-- TASK INSTRUCTIONS --
Work out how many lines of the listing below mention the word "women", and give only that figure.

-- Opening Marker --

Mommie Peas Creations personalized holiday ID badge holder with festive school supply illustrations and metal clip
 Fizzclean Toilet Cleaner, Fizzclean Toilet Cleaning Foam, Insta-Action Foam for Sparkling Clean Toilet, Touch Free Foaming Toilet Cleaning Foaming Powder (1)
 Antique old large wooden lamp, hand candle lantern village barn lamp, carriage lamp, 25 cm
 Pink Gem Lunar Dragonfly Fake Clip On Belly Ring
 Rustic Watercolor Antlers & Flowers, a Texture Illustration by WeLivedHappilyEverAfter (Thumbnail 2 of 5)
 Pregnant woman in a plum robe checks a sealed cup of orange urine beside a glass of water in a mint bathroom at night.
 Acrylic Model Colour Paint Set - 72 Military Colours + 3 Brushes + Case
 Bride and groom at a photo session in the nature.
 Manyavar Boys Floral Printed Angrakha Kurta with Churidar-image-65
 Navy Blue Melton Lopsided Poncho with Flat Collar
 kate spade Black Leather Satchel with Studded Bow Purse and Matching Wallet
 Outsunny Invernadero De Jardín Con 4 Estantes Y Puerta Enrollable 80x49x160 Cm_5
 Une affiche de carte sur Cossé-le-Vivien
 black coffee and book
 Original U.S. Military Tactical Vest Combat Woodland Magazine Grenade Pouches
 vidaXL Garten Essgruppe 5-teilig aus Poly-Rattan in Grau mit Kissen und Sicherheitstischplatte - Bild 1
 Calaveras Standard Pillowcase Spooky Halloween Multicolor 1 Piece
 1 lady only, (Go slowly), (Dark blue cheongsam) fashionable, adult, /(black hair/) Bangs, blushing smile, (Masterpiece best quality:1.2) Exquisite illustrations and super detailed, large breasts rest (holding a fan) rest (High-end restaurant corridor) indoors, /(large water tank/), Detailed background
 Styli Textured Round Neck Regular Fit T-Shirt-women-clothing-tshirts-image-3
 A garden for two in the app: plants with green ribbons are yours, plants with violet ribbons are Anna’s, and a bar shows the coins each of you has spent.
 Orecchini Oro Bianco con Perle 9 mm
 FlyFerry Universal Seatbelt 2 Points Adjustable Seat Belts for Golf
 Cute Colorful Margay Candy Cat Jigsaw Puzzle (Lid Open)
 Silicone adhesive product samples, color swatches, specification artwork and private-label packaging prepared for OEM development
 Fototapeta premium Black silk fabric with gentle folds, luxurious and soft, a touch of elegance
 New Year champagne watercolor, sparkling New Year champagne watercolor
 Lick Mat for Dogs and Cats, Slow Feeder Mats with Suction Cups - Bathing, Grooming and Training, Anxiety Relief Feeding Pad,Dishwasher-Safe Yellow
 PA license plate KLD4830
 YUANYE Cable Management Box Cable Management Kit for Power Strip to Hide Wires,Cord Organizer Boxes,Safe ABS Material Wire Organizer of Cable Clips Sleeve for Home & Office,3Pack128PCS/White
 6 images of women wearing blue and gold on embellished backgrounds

-- Closing Marker --

-- RESULT --
2